About 1% newborn babies have congenital heart disease (CHD), the leading cause of death among children. The majority of CHD cases are believed not to have a genetic cause. Other factors, such as abnormal blood flow during embryonic and fetal stages can lead to heart malformations and thus CHD through poorly understood mechanisms. This project will elucidate early cardiac adaptations (changes in the rates of extracellular-matrix protein deposition, cell proliferation and apoptosis) in response to altered blood flow conditions and the progression of these adaptations at later stages of development in an in vivo animal model.
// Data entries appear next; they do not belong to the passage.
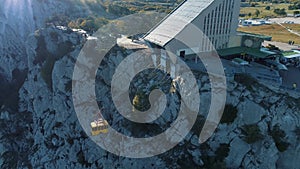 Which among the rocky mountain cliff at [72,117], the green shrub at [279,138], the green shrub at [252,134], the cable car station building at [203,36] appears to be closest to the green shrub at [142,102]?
the rocky mountain cliff at [72,117]

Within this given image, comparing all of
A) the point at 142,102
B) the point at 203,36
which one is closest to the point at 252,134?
the point at 142,102

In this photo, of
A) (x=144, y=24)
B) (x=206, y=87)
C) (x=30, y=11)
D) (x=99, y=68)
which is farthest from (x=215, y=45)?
(x=30, y=11)

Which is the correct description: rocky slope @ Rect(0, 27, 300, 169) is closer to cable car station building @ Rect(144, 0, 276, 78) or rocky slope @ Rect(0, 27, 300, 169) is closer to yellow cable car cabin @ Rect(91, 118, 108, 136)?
yellow cable car cabin @ Rect(91, 118, 108, 136)

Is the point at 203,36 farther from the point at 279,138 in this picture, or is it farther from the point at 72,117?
the point at 72,117

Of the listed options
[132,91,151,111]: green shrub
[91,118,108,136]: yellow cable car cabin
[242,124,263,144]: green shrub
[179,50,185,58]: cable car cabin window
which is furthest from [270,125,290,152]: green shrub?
[91,118,108,136]: yellow cable car cabin

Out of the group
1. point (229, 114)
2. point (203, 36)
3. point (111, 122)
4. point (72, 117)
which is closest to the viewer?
point (229, 114)

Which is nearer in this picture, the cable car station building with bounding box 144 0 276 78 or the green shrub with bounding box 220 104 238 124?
the green shrub with bounding box 220 104 238 124

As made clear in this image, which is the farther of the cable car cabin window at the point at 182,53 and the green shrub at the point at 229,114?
the cable car cabin window at the point at 182,53

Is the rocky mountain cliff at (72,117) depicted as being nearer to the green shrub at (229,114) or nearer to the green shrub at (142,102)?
the green shrub at (229,114) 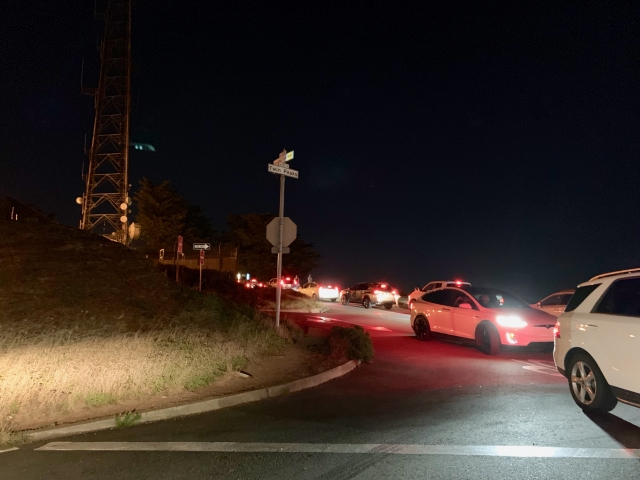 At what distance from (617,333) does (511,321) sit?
5968 millimetres

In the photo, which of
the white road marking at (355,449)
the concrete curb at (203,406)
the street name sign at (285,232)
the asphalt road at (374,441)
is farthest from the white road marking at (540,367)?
the street name sign at (285,232)

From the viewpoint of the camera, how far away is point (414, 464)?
5340 millimetres

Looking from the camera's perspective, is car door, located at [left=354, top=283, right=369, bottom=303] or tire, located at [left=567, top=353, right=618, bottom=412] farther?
car door, located at [left=354, top=283, right=369, bottom=303]

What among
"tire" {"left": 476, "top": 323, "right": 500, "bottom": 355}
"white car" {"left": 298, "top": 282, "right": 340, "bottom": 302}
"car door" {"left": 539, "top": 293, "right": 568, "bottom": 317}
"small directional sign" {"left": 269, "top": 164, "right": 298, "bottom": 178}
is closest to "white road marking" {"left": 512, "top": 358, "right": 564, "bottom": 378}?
"tire" {"left": 476, "top": 323, "right": 500, "bottom": 355}

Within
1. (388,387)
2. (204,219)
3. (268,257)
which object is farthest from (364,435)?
(204,219)

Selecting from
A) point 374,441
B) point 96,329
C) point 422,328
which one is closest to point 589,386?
point 374,441

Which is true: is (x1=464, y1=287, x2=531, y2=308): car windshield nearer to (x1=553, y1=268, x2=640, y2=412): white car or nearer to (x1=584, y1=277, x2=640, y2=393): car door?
(x1=553, y1=268, x2=640, y2=412): white car

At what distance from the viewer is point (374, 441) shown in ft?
20.0

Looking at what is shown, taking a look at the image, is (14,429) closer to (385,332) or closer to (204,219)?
(385,332)

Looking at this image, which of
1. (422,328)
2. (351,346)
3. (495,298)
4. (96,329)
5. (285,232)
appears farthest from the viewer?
(422,328)

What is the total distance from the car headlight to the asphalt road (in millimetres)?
3156

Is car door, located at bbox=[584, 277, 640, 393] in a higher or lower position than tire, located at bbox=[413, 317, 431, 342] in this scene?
higher

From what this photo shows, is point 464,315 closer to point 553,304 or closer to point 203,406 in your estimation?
point 553,304

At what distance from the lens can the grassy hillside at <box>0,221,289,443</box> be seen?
25.4 feet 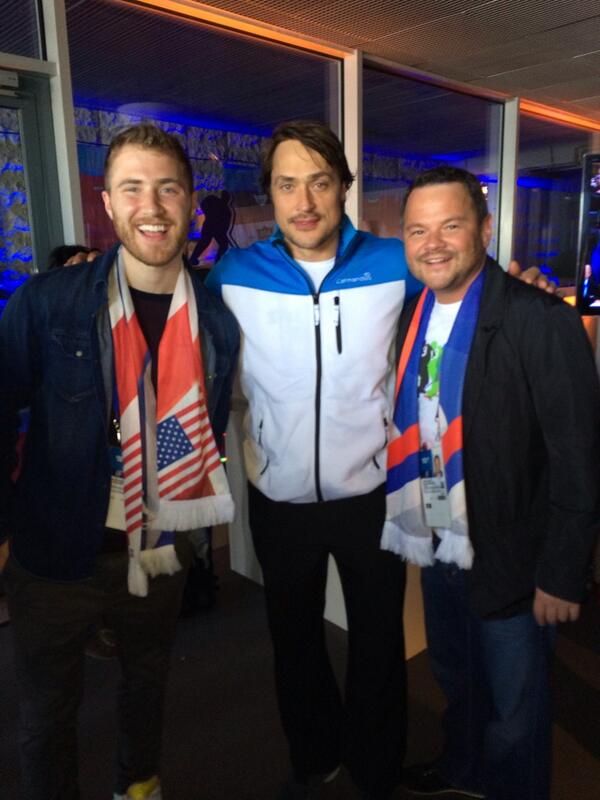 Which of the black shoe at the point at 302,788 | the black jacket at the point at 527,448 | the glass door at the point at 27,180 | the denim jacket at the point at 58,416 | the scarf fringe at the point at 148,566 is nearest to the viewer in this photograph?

The project will use chick embryos as models of cardiac development, focusing on the heart outflow tract (OFT), which gives rise to the intraventricular septum and semilunar valves. Blood flow exerts mechanical stimuli (stresses/strains) on the walls of the heart that can be quantified using techniques developed during the previous awarded period. Normal blood flow in chick embryos will be altered at day 3 (HH18) using surgical interventions that change blood pressure and shear stresses by constricting or ligating vessels with surgical sutures.
Aim 1 : Determine early changes in mechanical stimuli in response to hemodynamic interventions. Initial changes (within 2 hrs of intervention) in stresses/strains to which the OFT has to adapt will be quantified using optical coherence tomography (OCT) imaging and computational models of the OFT.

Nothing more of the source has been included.